One of the most critical times to choose low-GI carbs is right before workouts. For years bodybuilders ate high-GI carbs before training, figuring that they needed fast energy. Problem was, that fast energy ended before the workout did, killing their intensity midway through. Not to mention it halted fat-burning during training. Go with 20-40 grams of low-GI carbs within 30 minutes preworkout in addition to 20 grams of protein powder such as whey.
#4 Know When To Go High
There are two times of day when high-GI carbs are the rule. The first is within minutes of waking up. You’ve just endured 6-8 hours of fasting, which causes your muscle and liver glycogen (the storage form of carbs in the body) to drop. This signals your body to tear down muscle tissue for fuel the worst possible situation for any bodybuilder. Taking in about 40 grams of fast-digesting carbs as soon as you get out of bed will boost insulin and quickly restock your glycogen levels to stop the onslaught on your muscles. Be sure to take those carbs with 40 grams of fast-digesting protein such as whey to restore muscle lost during the night. The second time to take in high-GI carbs is within 30 minutes postworkout; shoot for 40-100 grams along with 40 grams of protein powder. At this time, the high-GI carbs will spike insulin, which will drive those carbs and amino acids from the protein, as well as creatine (we really hope you take creatine), into your muscles.
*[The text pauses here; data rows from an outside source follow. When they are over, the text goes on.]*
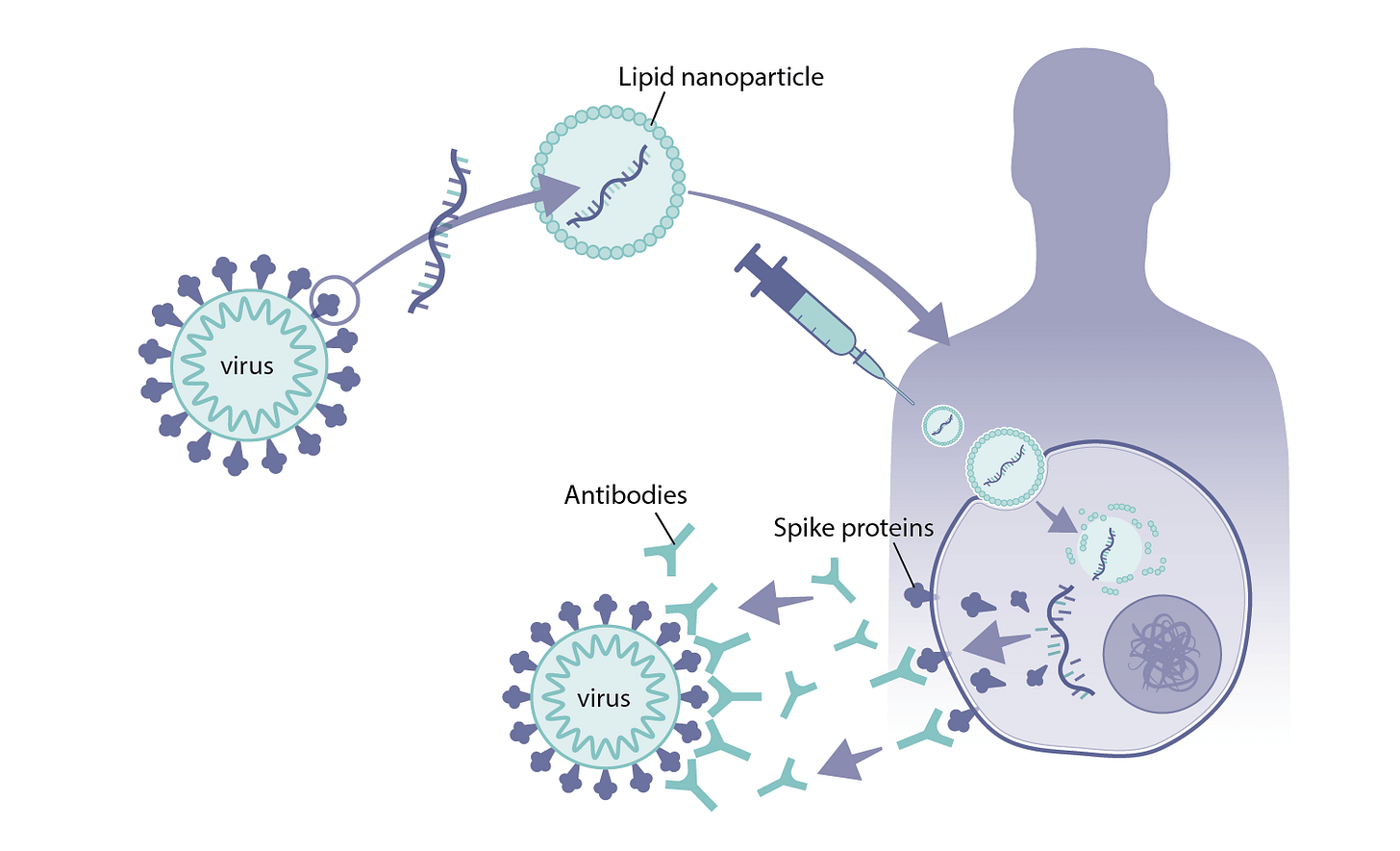 How were mRNA vaccines developed for COVID-19? - Health Feedback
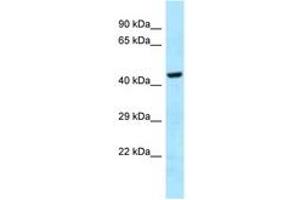 Image no. 1 for anti-GH3 Domain Containing (GHDC) (AA 70-119) antibody (ABIN6747950) (GHDC Antikörper  (AA 70-119))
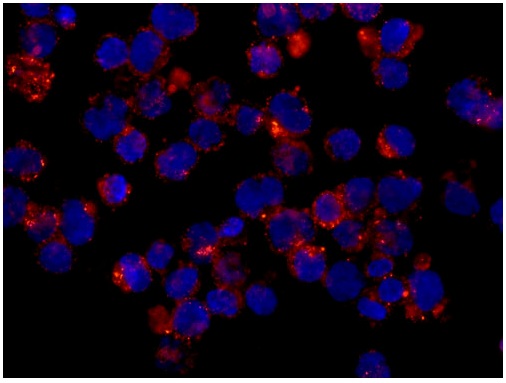 Immunofluorescence analysis of K562 cells labeling CREG1 using ab181844 at 1/100 dilution. A goat anti rabbit IgG (Alexa Fluor555) at 1/200 dilution was used as secondary antibody. Cells were fixed with acetone at -20°C. Counterstain: DAPI.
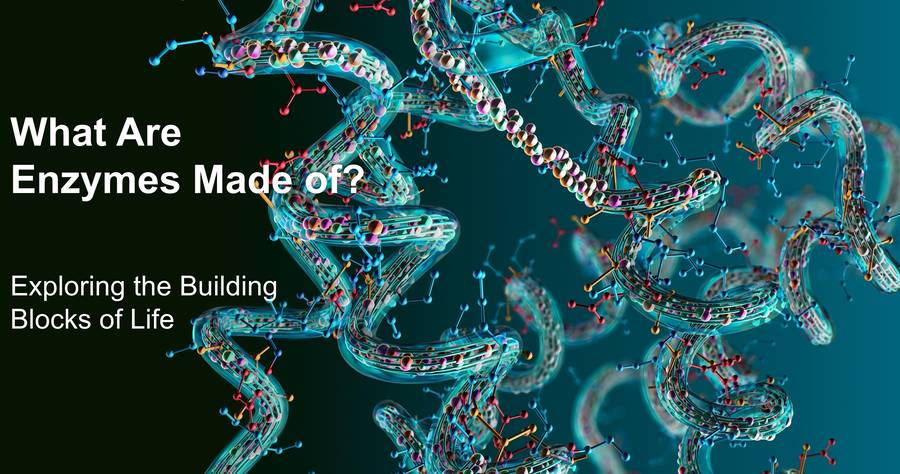 What Are Enzymes Made of? Exploring the Building Blocks of Life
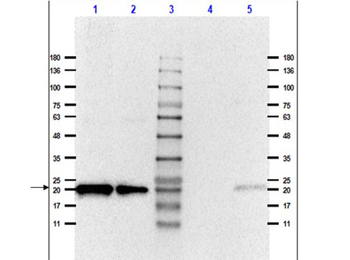 CAV1 Antibody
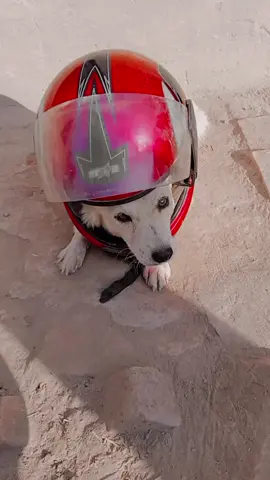 #for you video viral for you tik tok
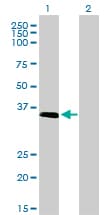 IHC-plus™ Monoclonal Mouse anti-Human ELAVL4 / HuD Antibody (clone 6B9, IHC, WB)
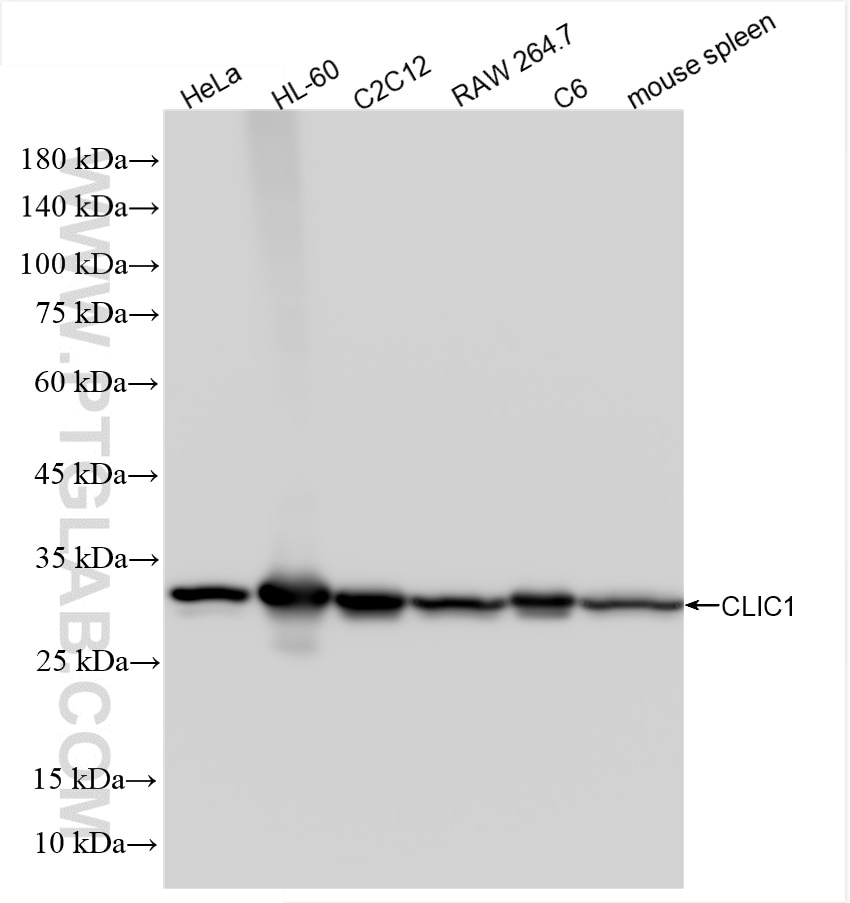 Western Blot (WB) analysis of various lysates using CLIC1 Recombinant antibody (85831-4-RR)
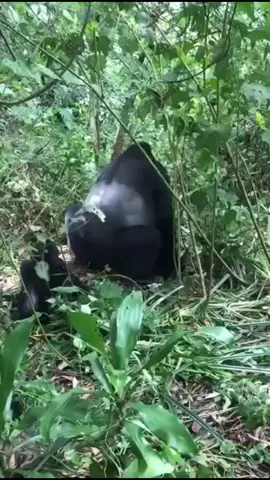 #gorilla #funn #viral #animal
These carbs are critical for restocking the muscle glycogen used during training, the amino acids will boost muscle growth and the creatine will further enhance hypertrophy. In addition, the insulin itself signals the muscles to kick-start growth processes and halt their own breakdown.
#5 Get Help From Protein
As mentioned, you’ll want to consume some protein, particularly whey, when you take your high-GI carbs. This is important not only because its amino acids are used to build muscle but because protein, especially whey, helps to further boost insulin levels.
Research confirms that when you take high-GI carbs along with fast-digesting protein after workouts, insulin levels soar even higher than when only high-GI carbs are consumed.